Magnus Danielson magnus at rubidium.dyndns.org
Wed Sep 8 23:51:46 UTC 2010


On 09/08/2010 04:51 PM, jimlux wrote:
> Tom Holmes wrote:
>> Thanks, Jim.
>>
>> I assume that neither the satellite nor the receiver knows what the
>> variation in the light time delay is, so it must be small enough to allow
>> the claimed nanosecond accuracy of the PPS edge.
>
>
> Well.. that's the difference between a L1 only and a L1/L2 receiver. If
> you measure the same signal at two different frequencies, you can use
> that to estimate the total electron content (TEC) of the path, which in
> turn can be turned into a delay correction.
>
> The uncertainties are on the order of meters/few ns, so keeping the 1pps
> to within 10ns is doable with a L1 receiver.
>
>
>
>
>> Although one sat is sufficient for time work, would using more improve
>> the
>> PPS accuracy? Seems like having more inputs would help with the light
>> delay
>> and other corrections, but it probably is no different than having
>> multiple
>> Rb's in the lab (the guy with two is never quite sure and all that).
>
>
> One sat works *if* you know where it and you are. In practice, though,
> you look at multiple satellites and solve for position and time offset
> simultaneously.

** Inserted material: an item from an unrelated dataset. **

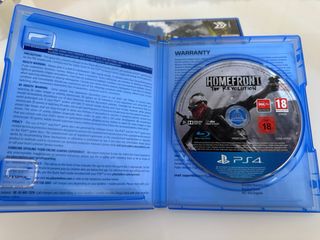 Homefront The Revolution PS4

The "secret sauce" in GPS receivers that distinguishes
> one from another is:
> 1) acquisition (how long does it take to find the signal and start
> tracking)
> 2) how do you best form the estimate of position and clock offset.
>
> Typically it's done with some form of Extended Kalman Filter (EKF) so
> you also wind up with estimates of the covariance matrix. Whether or not
> that gets shoved out to the user is another matter.
>
> the timing receivers separate the "where am I" and the "what time is it"
> questions.. you do a survey mode to get a precise position, then lock
> that down, and go to timing only mode, essentially averaging the time
> info from multiple satellites (not true averaging, almost always a
> weighted average)

Missing is the RAIM and in timing context the T-RAIM.

RAIM helps to drop false-tickers from the solution and this process is 
done dynamically for every solution. It is fairly straightforward.

The remaining sources forms an average after the RAIM.